Manufacturers need to continuously tweak and evolve their fabrication processes to reduce the cost of quality of their products. However, in the process, they often end up introducing new types of defects in products that were not encountered earlier. What can manufacturers do to address this?
– Manual inspection:
This ensures new defects are captured accurately, but it is not scalable. Also, human error around misrepresentation of defects is possible.
– Precision measurements:
These utilize statistical process control and scale well, but are tuned to trigger alerts only on well-studied (known) error types – they don’t do well on novel defects.
– Machine vision systems:
When trained to detect certain defect types, they scale the best to detect defects on products as soon as they leave the assembly line. But, they’ve traditionally struggled to detect unknown defects.
Approach to Detecting Novel Defects
Recent advances in deep learning have now enabled us to detect such novel defects in real-time. In this article, we outline a new-age approach to detect novel defects in products. Our approach differs from a typical deep learning model development framework in the following stages:
1. Data Collection
Any product has precisely defined dimensions with specified tolerances. Any deviation from this needs to be highlighted as a new defect. To accurately model the specifications, we generate synthetic data to train models. We model the product in a 3D modeling software and programmatically subject the images to a breadth of variations that are typically observed on the production line. We test the effect of each class of data synthesis against a real-world validation set to ensure generalization.
2. Model Selection & Training
Commonly-used best-in-class deep learning algorithms struggle to generalize from synthetic to real-world images. We made significant configuration changes (e.g., introducing normalization, modifying filter configurations, pre-training filters) to achieve that.
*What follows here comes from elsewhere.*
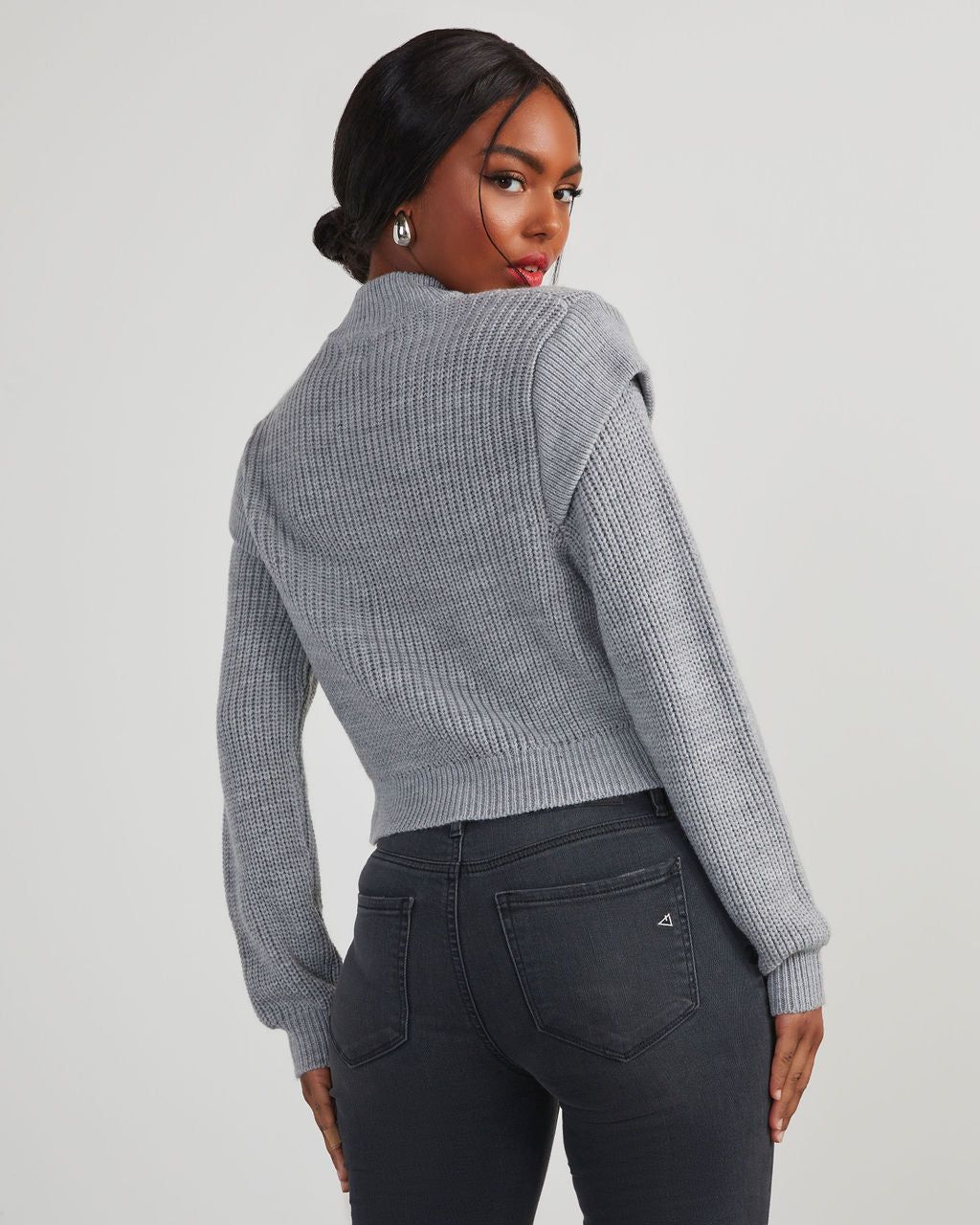 Nonnie Knit Pullover Sweater - Heather Grey sold by Vici product image thumbnail 4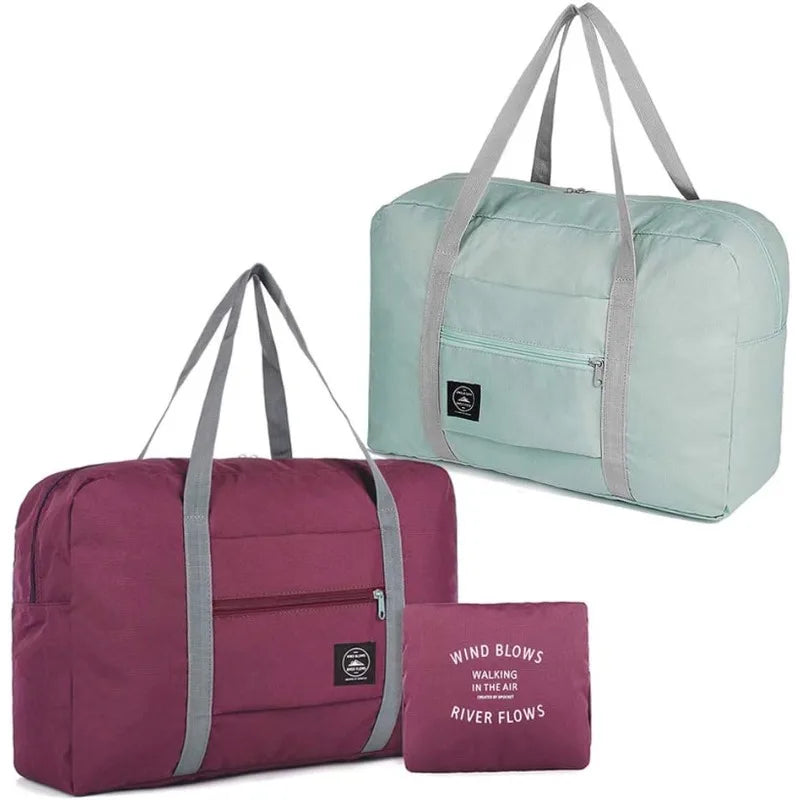 Fashionable Foldable Travel Bag: Large Capacity, Splash-Proof Carry-On Luggage Duffle Bag for Holiday Trips & Unisex Fitness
We used a Generator–Discriminator (Generative Adversarial Network) structure to discriminate defects from a typical specification. The generator looks to synthesize new images based on a seed, and the discriminator tries to distinguish real from the synthetic images. On training, the generator creates realistic orientations of the product when fed with seeds. And the discriminator generates a confidence score capable of accurately quantifying membership to the training set.
While making determinations on the production line, we traverse a randomly initiated seed vector down the steepest descent to arrive at the minima in discriminatory error space. This gives us the orientation and form of synthetic image closest to the one seen on the production line.
We carefully curated real-world images for validation purposes. We used the performance measures captured in each set to make model configuration changes, and also training set enhancements.
To illustrate the working of the model, we model a bottle cap as a semi-capsule with a notch using a 3D modeling tool. We subject this shape to a constant illumination and rotate it about a randomly chosen plane to create a large training sample. See Fig 1.
To test the performance of the solution, we created two defective samples. One that had a bulge on top and the second with a shortened notch size. The case with a bulge on top is easier to spot manually, while a good solution would be able to capture the second as well accurately. See Fig 2.
We do not consider surface and texture defects as part of this solution, as specialized procedures exist to capture defects in such cases.
The first step toward identifying novel defects is to create a representation of the object. A volume of “True” images in this representational space would be the no-defect set, while cases that lie away from this set would be the defective ones.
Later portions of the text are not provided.